Le premier homme qui repoussa un autre par la force pour prendre sa place acquit un droit. Aujourd’hui, les prêtres, les notaires, les avoués, les banquiers et tant d’autres tripoteurs, escrocs et voleurs ont tous des droits acquis de par les lois, et ces lois étant appuyées par la force, nos exploiteurs et voleurs modernes sont donc toujours au même point que le premier homme fort qui écrasa l’autre, et l’obligea à ramper à ses pieds, comme les prolétaires, esclaves et parias actuels sont obligés de ramper aux pieds de leurs voleurs et affameurs. Voilà, monsieur Buisson, l’idée de droit ! Quant à l’idée de devoir, nous la connaissons, nous autres prolétaires, esclaves, servus, parias, puisque nous devons tout, nos peines, nos sueurs, notre liberté morale et matérielle, notre sang et notre vie pour engraisser toutes ces vermines ploutocratiques, auxquelles les lois accordent tous ces droits. Oui, voilà nos devoirs, nous les connaissons, mais des droits, macach, nisquet tam... Égalité, fraternité, solidarité, justice, beaux mots que nous voyons cités partout, et qui font sourire nos exploiteurs, sachant qu’ils n’ont aucun effet pour nous que celui de nous endormir dans la poussière et la fumée phraséologiques de ces rouleurs perpétuels, parce que nous restons toujours gogos et lâches. Une couche de ces gogos disparaît tous les ans, après avoir savouré pendant trente ans les mirifiques promesses odoriférantes de ces rouleurs éternels, une autre couche paraît toute prête et toute disposée à se faire rouler de la même façon, et ainsi de suite, de sorte que les exploiteurs, les rouleurs, les malins, les crapules et consorts pourront vivre ainsi jusqu’à la fin de l’éternité. Non, ces misères humaines ne cesseront jamais, si on ne fait pas ce que j’ai déjà indiqué en plusieurs endroits de mes écrits. C’est-à-dire, détruire complètement toutes les races sauvages et barbares, et ailleurs tous les individus tarés, vicieux, mal conformés au physique et au moral. C’est le seul moyen d’arriver à former une race humaine digne de ce nom, et qui pourrait jouir alors de tous les bonheurs susceptibles d’être partagés sur ce globe.
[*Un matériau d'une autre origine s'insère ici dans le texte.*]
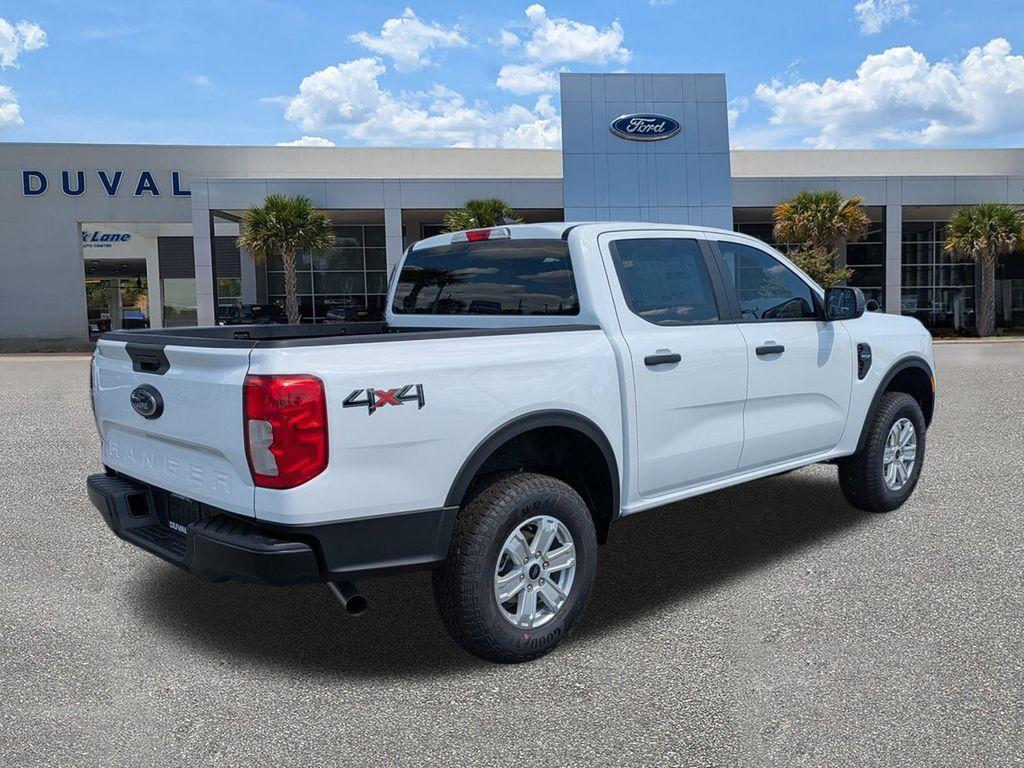new 2025 Ford Ranger car, priced at $36,845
Pour les autres espèces animales, on encourage partout la destruction des mauvaises bêtes, et des bêtes dangereuses, en même temps qu’on encourage l’amélioration des races utiles et bonnes. Mais pour cette maudite race humaine, on fait tout le contraire, on félicite, on flatte, on encourage ceux qui entretiennent à grands frais les plus mauvais, les plus vilains et les plus dangereux sujets, et cela au plus grand détriment des bons. Ici, à Quimper, il y a déjà quatre établissements, et les plus beaux, pour l’entretien de tous les tarés et de tous les rebuts de cette malheureuse espèce humaine, et on va encore en bâtir un autre ! Mais pendant ce temps, on laisse sans soins, sans soucis, se perdre les plus jeunes et les meilleurs sujets, sur lesquels devraient au contraire se porter tous les soins et les soucis, les tarés et les rebuts n’étant bons que pour le requiem æternam qu’ils appellent du reste eux-mêmes tous les jours dans leurs prières. Adveniat regnum tuum domine in requiem æternam.

On applaudit partout les soi-disant philanthropes et administrateurs qui s’ingénient à trouver les meilleurs moyens pour entretenir dans les plus grandes douleurs et les horreurs toutes les monstruosités et les rebuts de l’espèce humaine, comme on applaudit ceux qui inventent et ceux qui emploient les meilleures inventions pour détruire les plus jeunes et les meilleurs sujets de cette malheureuse espèce. Et alors, comment veut-on que l’humanité ne finisse pas par tomber dans la décomposition, dans le néant, dans la pourriture finale ? Finis coronna opus.

N’importe, nous voici passés dans l’année 1905 et je vis toujours, moi qui ai déjà été plusieurs fois dans le sombre domaine des Parques, mais ces bonnes déesses, aussi justes qu’inflexibles, m’ont toujours chassé de chez elles sous prétexte que je n’avais pas encore terminé ma mission sur ce pauvre petit globe. Elles voulaient sans doute, ces bonnes filles, que je visse mon nom écrit en gros caractères au milieu des illustrations littéraires, en tête d’une grande revue.

J’ai vécu 71 ans jusqu’à présent. Mon temps n’a pas été tout perdu, comme on a pu le voir dans le cours de ces récits. Et peut-être mes vieux jours, que je croyais nuls, seront encore les mieux employés, mes écrits commencent déjà à produire, et Le Braz assure qu’ils produiront beaucoup. Et si ces écrits produisent beaucoup aujourd’hui, ils pourront produire encore plus tard, dans 50 ans, 100 ans, mille ans et plus. La plupart des écrivains grecs et romains vivent encore aujourd’hui dans leurs écrits, qu’on réimprime à chaque instant, et que l’on vend toujours cher. Que d’argent ces écrits ont produit à travers les siècles !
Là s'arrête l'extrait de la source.